Crystal Barrier
- Authors: Cory Glaberson
- First published: 1987

= Crystal Barrier =

Crystal Barrier is an adventure for fantasy role-playing games published by Mayfair Games in 1987.

==Plot summary==
Crystal Barrier is an adventure scenario intended for player characters of levels 6-8, and is a follow-up to a scenario published in the Dragons supplement. The characters are dispatched to another world to aid in a war involving good dragons against evil dragons, and will need to enter the fortress of the Necromancer to set the soul of the Dragon Lord free.

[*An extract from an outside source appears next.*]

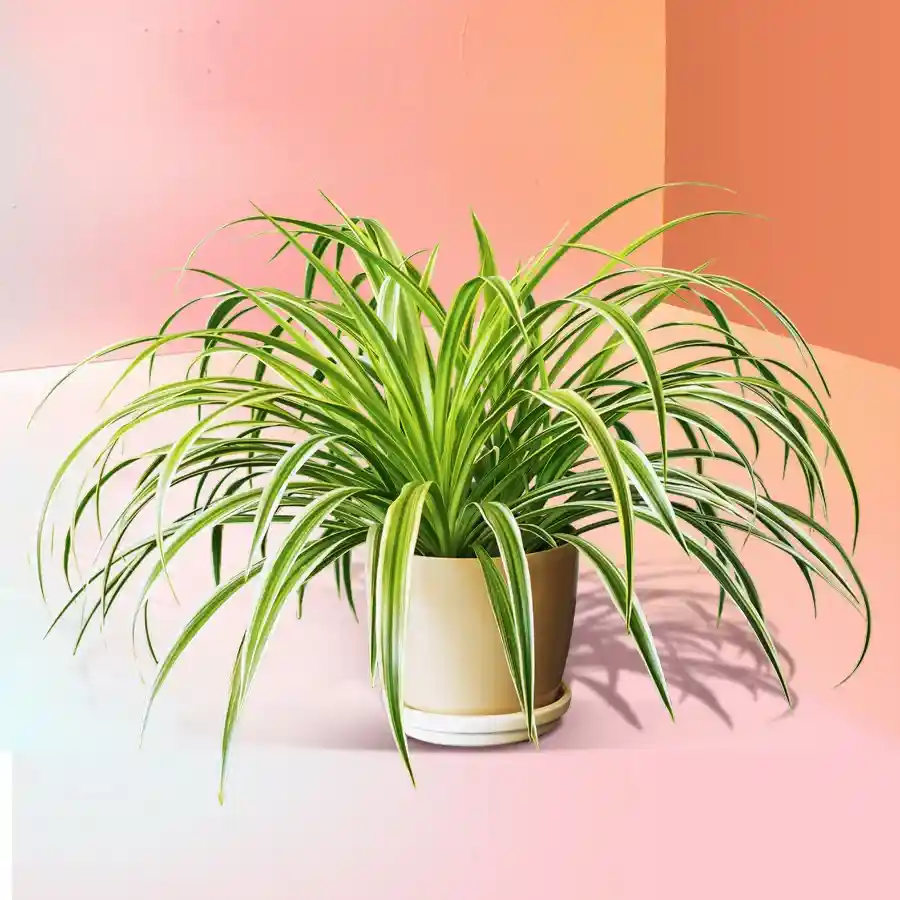Beautiful Spider Plant in a colorful plastic pot, ideal for gifting and home décor.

Crystal Barrier is an adventure in which the player characters are pulled to another dimension through a crystal barrier to put a stop to a drug which could affect the balance of a civil war between the dragons of the Dragonlands.

==Publication history==
Crystal Barrier was written by Cory Glaberson, with a cover by Boris Vallejo, and was published by Mayfair Games in 1987 as a 40-page book. The adventure module was part of the Role Aids line.

==Reception==
Graeme Davis reviewed Crystal Barrier for White Dwarf #90. He noted that "Crystal Barrier is written by Cory Glaberson, the author of Mayfair's Dragons supplement, and draws information from that work, although it is not dependent upon it. [...] The dragons are not the standard AD&D variety, but can still put up a respectable fight, and the party is well advised to co-operate, at least at first." He continued by stating that in the other dimension past the crystal barrier "there are some interesting effects and monsters around, as well as some hard fights if the random encounters go against the party. 60 Ghouls could give even a quite well-equipped 6th-8th level party a fair amount of trouble. The main villain is a very nasty piece of work, and has a range of new spells and special powers which will appeal to hardware buffs once again. The showdown in his castle is a standard dungeon bash, and so, really, is the whole adventure, but the special effects of this alternate dimension make it more interesting than the general run of hack and slay adventures. It's quite heavy going, and I think it might give a party of up to 10th level a good run for their money. There are powerful monsters, less powerful ones in great numbers [...] and a couple of whimsical touches that you will either love or loathe, like zombies wearing magical sunglasses which allow them to see through fog, and a gnoll with a pump-action shotgun. There is a very interesting twist to the final encounter, too, which may lead to a dilemma for at least one member of the party." Davis concludes his review by saying, "If you're looking for an old-fashioned mid-level dungeon bash with some interesting twists, this one is for you."